1 Commits

Author SHA1 Message Date
1e4a5828f8
docs: bad but in a good way
I've decided (perhaps stupidly) to eschew existing static site
generators and documentation templating systems. It seems fitting to
reinvent the wheel, which is something this project is entirely about
doing. The actual justification is a drama in a few very pathetic
parts:

a) existing documentation tools and static site generators are written
primarily in other programming languages. It feels bad to have a
dependency on a completely separate programming language ecosystem to
build the documentation.

b) existing documentation tools on average do a lot of things I don't
like. Things like trying to haul in google analytics and fonts and in
general having a truckload of javascript jammed in the frontend.

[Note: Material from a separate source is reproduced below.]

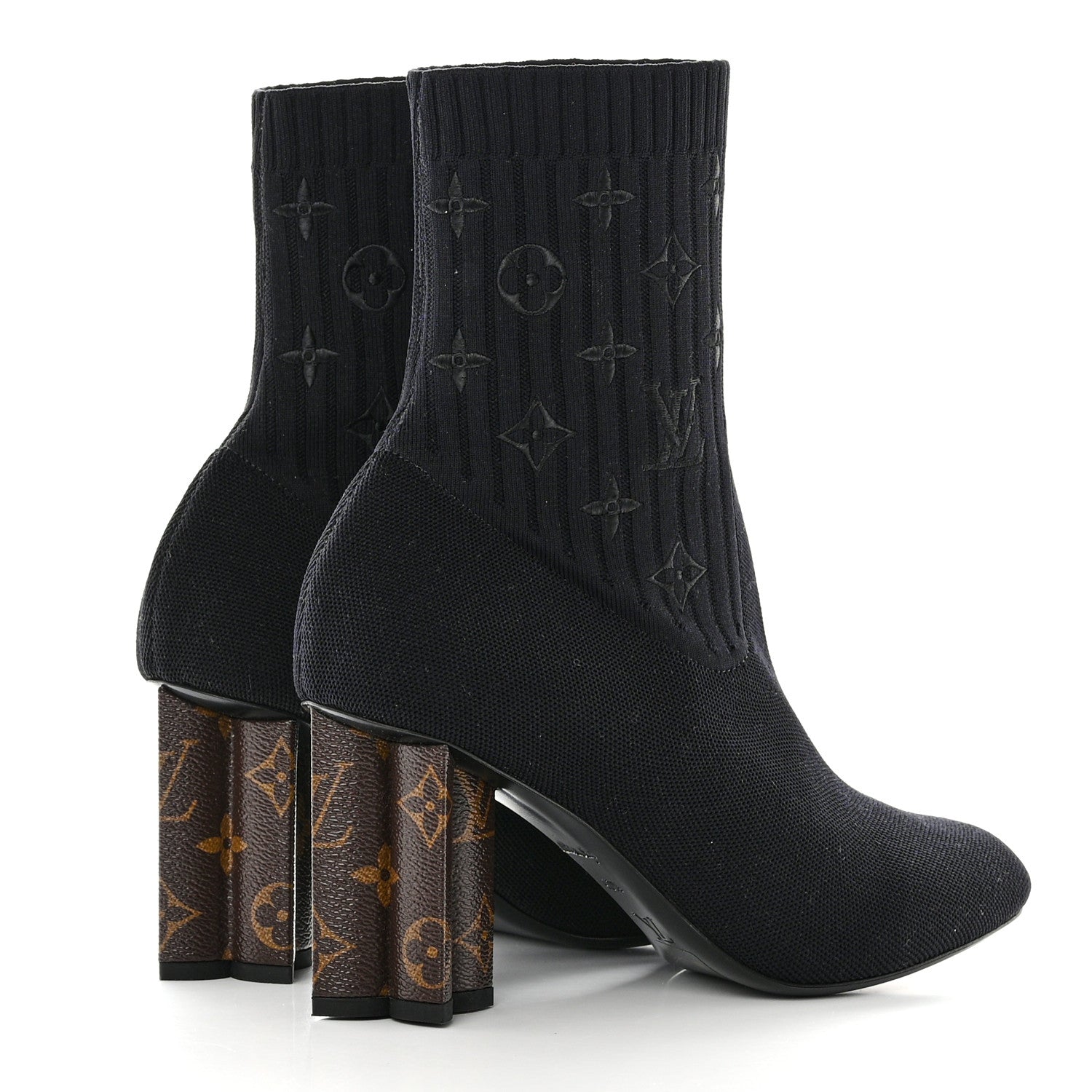 Louis Vuitton Monogram Stretch Fabric Silhouette Ankle Boots 40.5 Black 4 of 8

The
page should have minimal or (ideally) no javascript at all.

c) modern documentation generators have really standardized on a three
column layout that looks flashy but doesn't make very good use of
space, and I think there's room to experiment with some ideas I've
seen while looking around.

So here we are. The approach being taken is to hand-roll html+css
directly, and that will hopefully converge to something that isn't
garbage. Once that has run its course, I will start considering what
level of automation makes sense to add.

Important takeaways:

1. Modern CSS is absurdly complex. It has had so many features jammed into
it over the years, it's completely nuts. I don't think it's possible
for any single person to store the details of all of it in their head.

2. Using non-tiny fonts takes up a lot of room quite quickly. Even if
you want to have a column larger than 800px, it's very easy to run out
of space quickly.

3. there's more than one way to make a list in ascii.